I wasn’t being helpful. In fact, I was being clueless.

Depression isn’t rooted in laziness or ingratitude.

And while my intentions weren’t innately bad — I realized I was trying to make myself feel better about her depression.

I spoke with my friend. I asked her outright: What should someone do for a loved one who is suffering? What helps?

Together, we discussed her feelings. Her perspective. Her pain. And then we worked on some changes that I could make that really helped me become a better friend.

1. Ask and accomplish.

First of all, ask your friend: What is overwhelming you most right now?

Is she tired from a fussy baby? Are the dishes in the sink feeling like an impossible task? Maybe the laundry is piled up to the ceiling and it makes her want to hide in bed.

Whatever is overwhelming her today, do it. Hold her baby so she can shower and sleep. Start a load of dishes. Fold the laundry. It’s amazing what a small thing can do for the mindset of an overwhelmed sufferer.

2. Understand that depression is a chemical, physical illness.

Many invisible illnesses are caused by chemical imbalances in the brain.

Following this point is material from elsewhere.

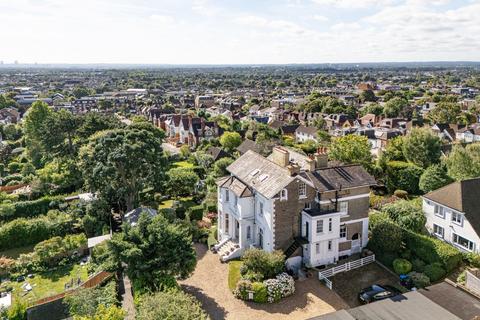 3 bedroom apartment for sale, Sunnyside, London SW19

You wouldn’t tell a buddy with a broken leg to just “walk it off.” In the same way, your hurting friend can’t make the pain just disappear by thinking good thoughts or by sheer will. Be kind. Be patient. Your friend is sick, in legitimate pain, and in need of support.

3. Offer your presence with no expectations.

Sometimes, doing little things can make a huge difference. Check in with a phone call. Drop off a Starbucks with a hug. Offer to babysit. But do these things with no strings attached and no expectations. Your friend’s mood may not visibly brighten when you are with her, but that doesn’t mean you aren’t helping. Remember that her sadness is the illness. Try not to take it personally.

4. Notice — and celebrate — little efforts.

Did she make it outdoors today? Does her hair look nice? This may seem like common sense, but tell her! Little encouragements are very affirming to someone who is pushing back against their depression.

5. Know your limits.

Your friend has an illness that merits professional intervention. You are not her doctor, so don’t try to be. Suggesting ways that you think she could feel better is really a bad idea unless she asks. What you can and should do is be a shoulder to cry on, a hand to reach for, and a hug that is sorely needed.

Depression is hard. Not only on the sufferer, but on their loved ones as well. But you as a friend have a powerful opportunity. You can bring a little sunshine to someone stuck in the rain.

And that is a beautiful thing.

If you or a loved one needs help with depression or another related mental illness, visit ADAA for information on treatment options and referrals.